Mais dès le début — et c’est ce qui fait qu’il ne
pou­vait en être autrement de son mes­sage — tout l’homme est
don­né. Quand par exem­ple il écrit dès la page
76 : « Ne pas céder : tout est là. Ne pas consentir,
ne pas trahir. »

Et
c’est la même lucid­ité, le même hon­neur (Camus
est l’un de ces hommes, si rares, chez qui le mot con­science a
tou­jours ses deux sens à la fois) qui pré­side à
sa con­cep­tion du méti­er d’écrire : « La
véri­ta­ble œuvre d’art est celle qui dit moins.
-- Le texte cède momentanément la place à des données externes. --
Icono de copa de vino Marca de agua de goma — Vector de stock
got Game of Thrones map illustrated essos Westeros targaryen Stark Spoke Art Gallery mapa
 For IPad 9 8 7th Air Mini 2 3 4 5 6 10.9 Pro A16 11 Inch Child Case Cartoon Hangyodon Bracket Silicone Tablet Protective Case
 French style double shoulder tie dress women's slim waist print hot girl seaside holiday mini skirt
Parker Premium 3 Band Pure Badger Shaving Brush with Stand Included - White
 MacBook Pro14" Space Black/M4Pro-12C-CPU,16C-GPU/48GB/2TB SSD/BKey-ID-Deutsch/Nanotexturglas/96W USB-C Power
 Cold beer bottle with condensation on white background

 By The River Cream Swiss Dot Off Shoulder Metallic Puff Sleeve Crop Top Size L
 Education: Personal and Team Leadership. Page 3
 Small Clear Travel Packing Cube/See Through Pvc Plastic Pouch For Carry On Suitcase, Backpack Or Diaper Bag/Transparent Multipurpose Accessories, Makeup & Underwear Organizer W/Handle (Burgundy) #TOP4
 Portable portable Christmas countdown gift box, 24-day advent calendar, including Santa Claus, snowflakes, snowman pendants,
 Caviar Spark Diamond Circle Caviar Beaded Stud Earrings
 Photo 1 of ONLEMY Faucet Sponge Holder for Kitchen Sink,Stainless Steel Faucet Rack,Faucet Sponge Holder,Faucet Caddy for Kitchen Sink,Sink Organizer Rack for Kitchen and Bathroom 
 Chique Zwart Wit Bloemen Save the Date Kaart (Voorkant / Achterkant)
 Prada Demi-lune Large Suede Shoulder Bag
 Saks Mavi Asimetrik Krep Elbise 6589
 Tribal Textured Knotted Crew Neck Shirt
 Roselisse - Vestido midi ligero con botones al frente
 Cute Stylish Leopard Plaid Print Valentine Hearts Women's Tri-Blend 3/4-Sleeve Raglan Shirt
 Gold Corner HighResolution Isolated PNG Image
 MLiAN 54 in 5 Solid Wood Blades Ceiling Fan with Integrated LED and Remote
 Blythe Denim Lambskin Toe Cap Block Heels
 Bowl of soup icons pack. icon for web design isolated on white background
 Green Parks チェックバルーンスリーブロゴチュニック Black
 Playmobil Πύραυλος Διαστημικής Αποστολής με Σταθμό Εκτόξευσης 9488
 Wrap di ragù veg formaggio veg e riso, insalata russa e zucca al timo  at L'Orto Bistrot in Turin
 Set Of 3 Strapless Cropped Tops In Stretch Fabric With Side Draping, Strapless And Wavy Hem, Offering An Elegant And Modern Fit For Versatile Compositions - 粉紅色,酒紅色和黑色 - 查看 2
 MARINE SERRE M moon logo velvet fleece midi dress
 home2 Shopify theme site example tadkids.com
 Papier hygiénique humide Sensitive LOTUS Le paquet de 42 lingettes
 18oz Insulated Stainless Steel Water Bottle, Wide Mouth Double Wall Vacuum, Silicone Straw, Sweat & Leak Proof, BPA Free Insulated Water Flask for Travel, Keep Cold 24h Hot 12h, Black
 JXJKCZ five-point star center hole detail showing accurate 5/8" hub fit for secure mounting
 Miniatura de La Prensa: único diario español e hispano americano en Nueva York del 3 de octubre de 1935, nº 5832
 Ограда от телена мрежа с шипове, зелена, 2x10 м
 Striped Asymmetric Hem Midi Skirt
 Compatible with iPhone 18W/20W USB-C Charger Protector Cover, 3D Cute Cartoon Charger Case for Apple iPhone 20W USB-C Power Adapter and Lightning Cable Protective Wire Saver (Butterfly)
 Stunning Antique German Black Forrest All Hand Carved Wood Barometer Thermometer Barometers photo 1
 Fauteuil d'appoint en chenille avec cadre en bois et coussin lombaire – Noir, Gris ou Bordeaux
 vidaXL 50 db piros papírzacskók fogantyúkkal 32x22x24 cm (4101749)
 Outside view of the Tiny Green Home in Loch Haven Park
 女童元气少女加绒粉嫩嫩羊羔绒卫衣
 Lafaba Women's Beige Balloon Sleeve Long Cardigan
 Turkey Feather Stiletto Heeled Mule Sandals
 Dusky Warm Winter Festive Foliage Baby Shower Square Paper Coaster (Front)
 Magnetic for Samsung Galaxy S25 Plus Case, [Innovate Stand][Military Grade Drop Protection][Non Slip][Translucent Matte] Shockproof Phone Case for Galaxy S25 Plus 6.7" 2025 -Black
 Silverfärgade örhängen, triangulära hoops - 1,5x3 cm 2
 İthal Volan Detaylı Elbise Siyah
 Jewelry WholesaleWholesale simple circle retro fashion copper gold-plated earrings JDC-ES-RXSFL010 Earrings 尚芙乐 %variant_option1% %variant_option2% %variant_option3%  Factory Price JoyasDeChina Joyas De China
Il y a un
cer­tain rap­port entre l’expérience glob­ale d’un artiste,
sa pen­sée plus sa vie…, et l’œuvre qui reflète
cette expéri­ence. Ce rap­port est mau­vais lorsque l’œuvre
d’art donne toute l’expérience entourée d’une
frange de lit­téra­ture. Ce rap­port est bon lorsque l’œuvre
est une part tail­lée dans l’expérience… — Le
prob­lème est d’acquérir ce savoir-vivre (avoir vécu
plutôt) qui dépasse le savoir-écrire. Et dans la
fin le grand artiste est avant tout un grand vivant (étant
com­pris que vivre, ici, c’est aus­si penser sur la vie — c’est
même ce rap­port sub­til entre l’expérience et la
con­science qu’on en prend).»

J.
P. S.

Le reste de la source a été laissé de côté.